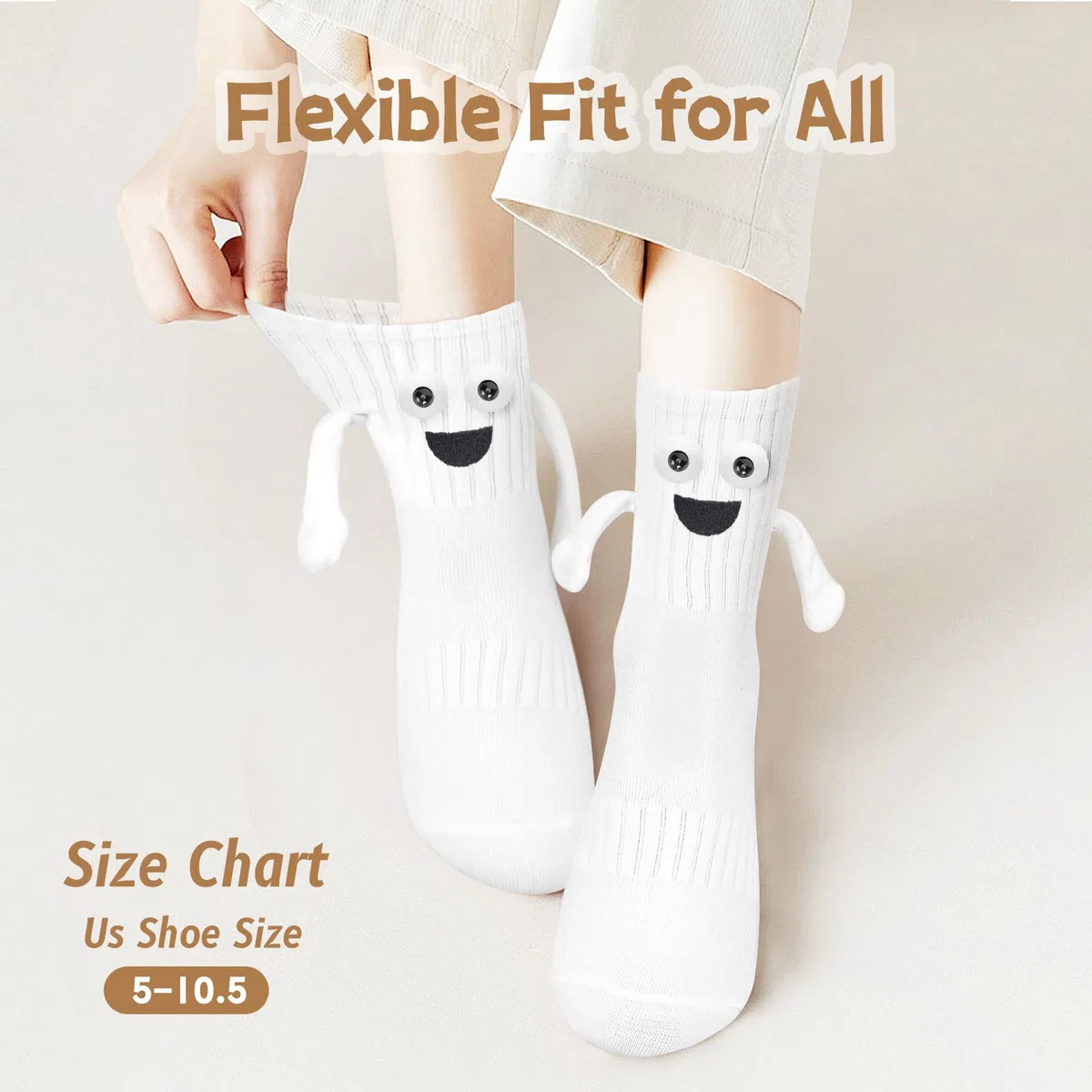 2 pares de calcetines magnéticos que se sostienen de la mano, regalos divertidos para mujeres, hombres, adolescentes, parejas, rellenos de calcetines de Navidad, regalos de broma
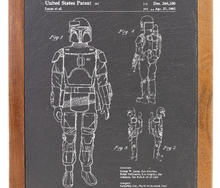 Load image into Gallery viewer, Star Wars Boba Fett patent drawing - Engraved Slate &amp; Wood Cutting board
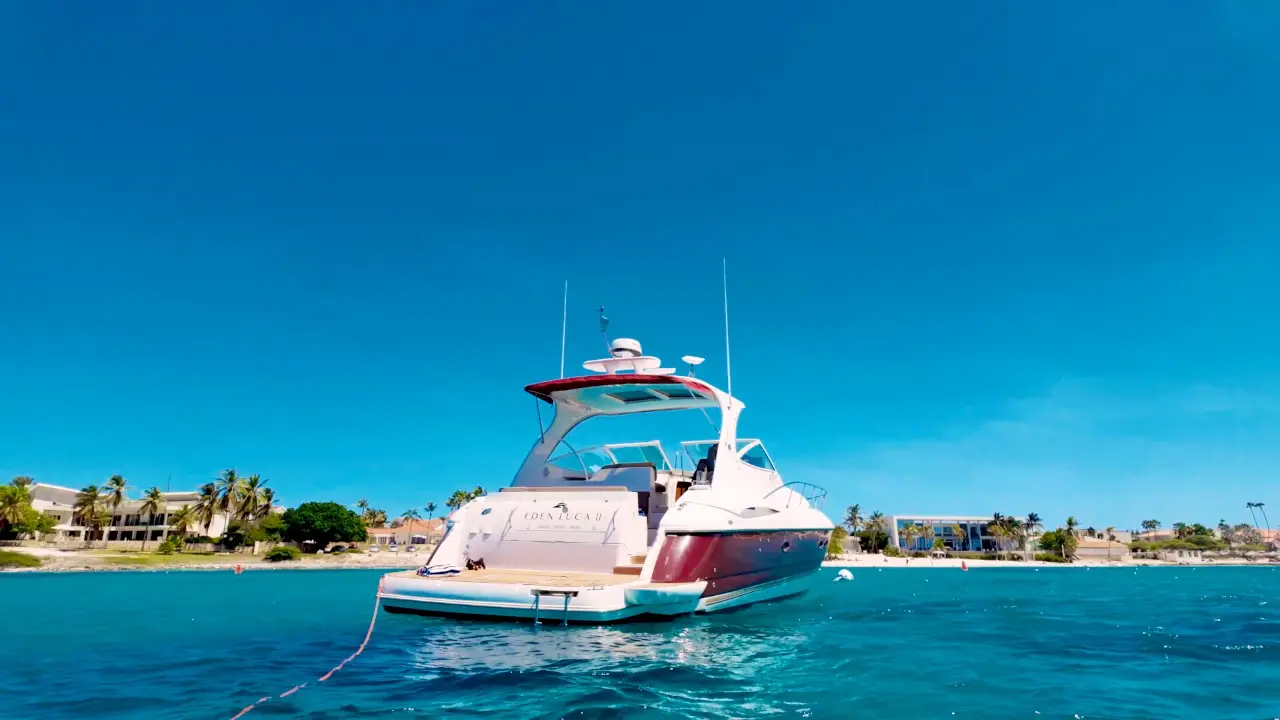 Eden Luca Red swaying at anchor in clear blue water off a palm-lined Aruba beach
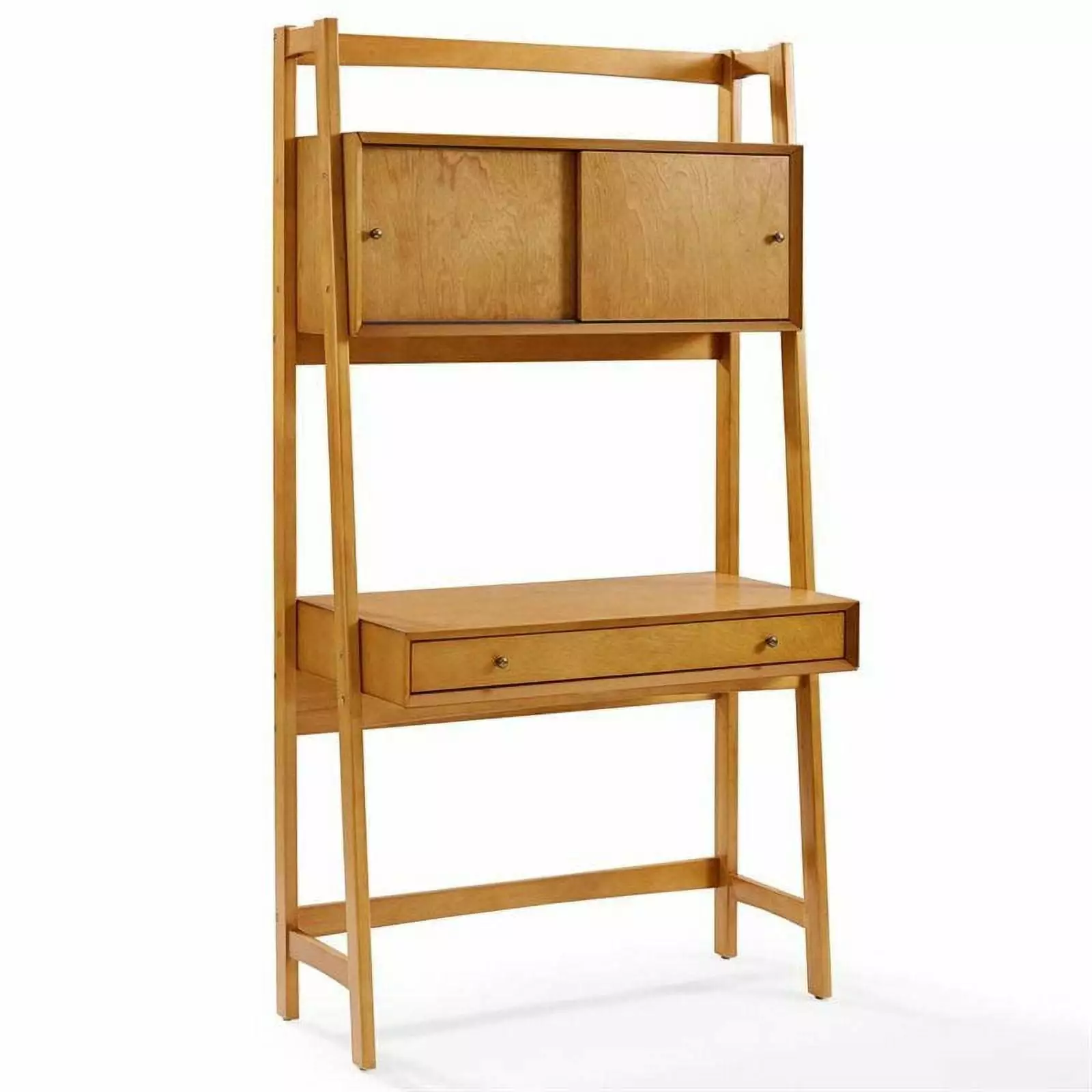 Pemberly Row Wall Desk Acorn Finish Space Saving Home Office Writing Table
====
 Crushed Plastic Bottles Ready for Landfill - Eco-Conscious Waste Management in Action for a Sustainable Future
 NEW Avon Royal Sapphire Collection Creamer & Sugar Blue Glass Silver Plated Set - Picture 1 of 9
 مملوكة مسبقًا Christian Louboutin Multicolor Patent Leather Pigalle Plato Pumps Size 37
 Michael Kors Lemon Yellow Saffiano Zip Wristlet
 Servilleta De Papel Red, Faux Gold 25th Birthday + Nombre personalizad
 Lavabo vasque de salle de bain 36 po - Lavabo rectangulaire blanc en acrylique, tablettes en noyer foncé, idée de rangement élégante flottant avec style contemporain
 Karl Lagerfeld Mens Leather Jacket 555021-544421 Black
====
* _Directions_: Within the listing above, locate the line containing "NEW Avon Royal" and the line containing "Michael Kors Lemon". Reproduce those two lines and all lines between them exactly, with nothing added.

* _Response for this exercise_:
 NEW Avon Royal Sapphire Collection Creamer & Sugar Blue Glass Silver Plated Set - Picture 1 of 9
 مملوكة مسبقًا Christian Louboutin Multicolor Patent Leather Pigalle Plato Pumps Size 37
 Michael Kors Lemon Yellow Saffiano Zip Wristlet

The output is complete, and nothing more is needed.